You know, mail stuff.
Originally, someone would have to be dead 25 years before they were considered for grand stampitude. The Postal Service eventually dropped that time limit to 10 years and then, in January 2007, to five years.
Now, in hopes of reviving business — the USPS lost $2.2 billion in the second quarter of this fiscal year — select famous folks will enjoy their postage prestige while they can still hear people complain about the choice.
"The main criterion (for the honor) is outstanding contribution to the U.S.," says Stephen Kearney, executive director of stamp services for the Postal Service.
"We tried not to limit it up front," he adds, "although it is unlikely we would consider any politician currently serving in office or running for office."
So President Barack Obama is out, and probably Sarah Palin, too. You have to be American. So bye-bye, Canada's Justin Bieber.
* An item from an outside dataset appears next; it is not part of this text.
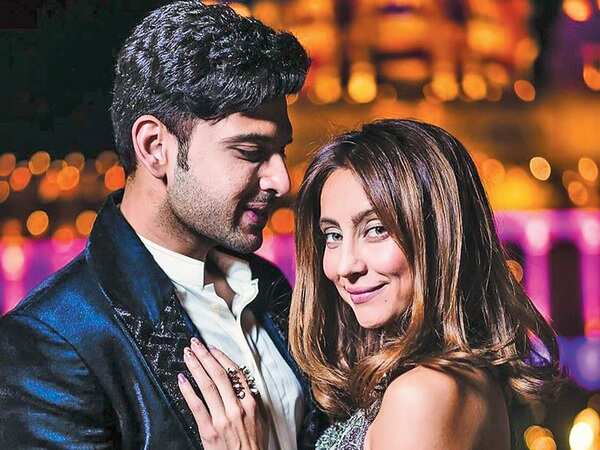 Anusha Dandekar Photos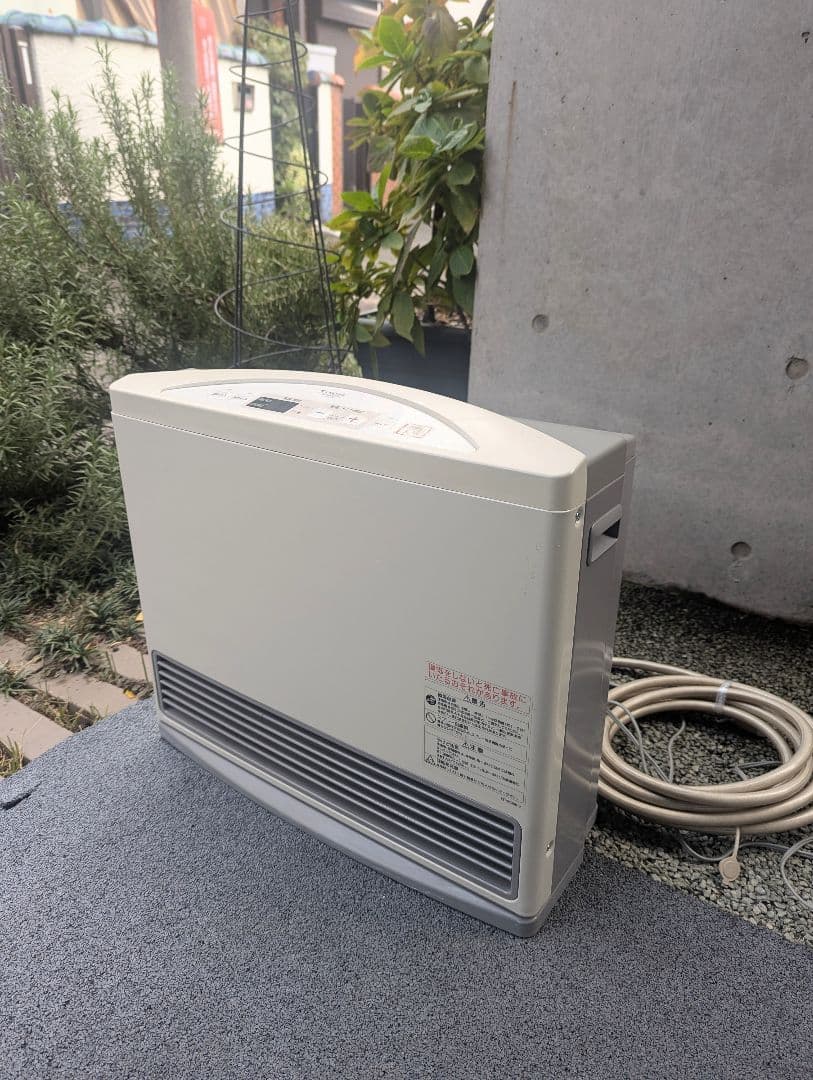 ノーリツ 都市ガスファンヒーター GFH-5800S　NR-B950FH-WH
Such luminaries as Michael Jordan, Ellen DeGeneres and Rush Limbaugh, as well as the Boss, Oprah and the Material Girl, have been suggested on the USPS Stamps Facebook page.
Dolly Parton is snagging votes; maybe she could be on one of those giant priority mail stamps! Willie Nelson has been mentioned, which, while a cool choice, makes me thankful we don't lick stamps anymore.
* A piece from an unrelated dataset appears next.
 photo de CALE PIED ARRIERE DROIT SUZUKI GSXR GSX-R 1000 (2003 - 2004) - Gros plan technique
The Postal Service gets 40,000 suggestions for stamp honors every year; typically 50 finalists are selected, with the ultimate vote going to the postmaster general. Postal officials aren't sure how this gambit will pan out, but they're excited about the reaction.
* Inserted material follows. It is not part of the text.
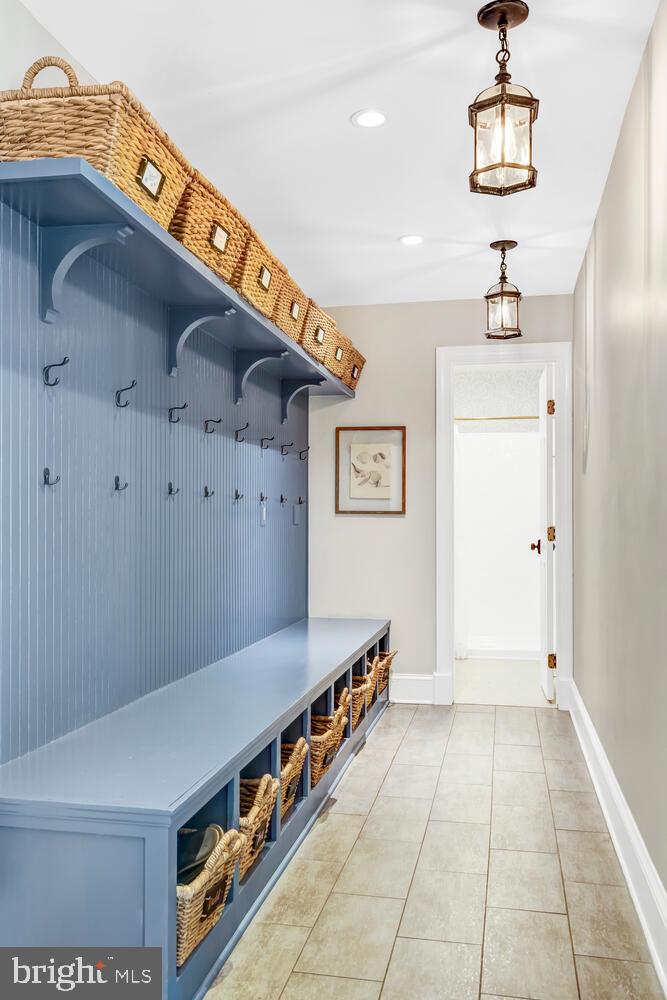 THUNDER OAK - Residential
"It's not that there aren't enough deceased people to honor," laughs Kearney. "We're just hoping to be more timely, relevant and meaningful."
He allows that his agency's fiscal burden is "part of the reason for this," but he's also a romantic at heart: "It can get people back in the business of writing letters. It's fun to send them, and it's fun to get them."
But some local philatelists don't see this rule twist as a definite boon. "The stamp hobby could sure use a stimulus," says John Frost, owner of Tampa's Gilder Shop Rare Coins & Stamps. "I hope it works."
Some readers have misunderstood the "living" part of the new deal. James Brown, Art Linkletter, John Wooden, Albert Einstein — all great, but all quite dead. (However, as of press time, Abe Vigoda is still eligible.) Others need to bone up on their geography. Bono is from Dublin, Ireland, not Dublin, Ohio.
But for the most part, the Great Stamp Debate has been fascinatingly smart. With all due respect to Maya Angelou and John Glenn — legitimate front-runners, as are war heroes and first-responders — some nominations celebrated a distinctive, and messier, brand of American individuality.
On tampabay.com, a reader had the chutzpah to suggest Hustler publisher Larry Flynt for his decades-long fight for freedom of speech. He won't make the cut; nor will Dave Chappelle, Chris Rock or Stephen Colbert: smart alecks unafraid of offering hot-button opinions when our country is so wickedly divided. But just considering their names makes for a more refreshing discourse about what it means to be an influential American.
Several tampabay.com readers e-mailed their stamp hopefuls. Dale Curtis voted for Colin Powell. Estelle Gordon wrote, "We would like to see Jack Nicklaus on a first class stamp." Warren Buffett, Wade Boggs and Aretha Franklin also got shout-outs. (The Queen of Soul should be a shoo-in.)
And may we suggest Stephen King? That guy can sell a million of anything.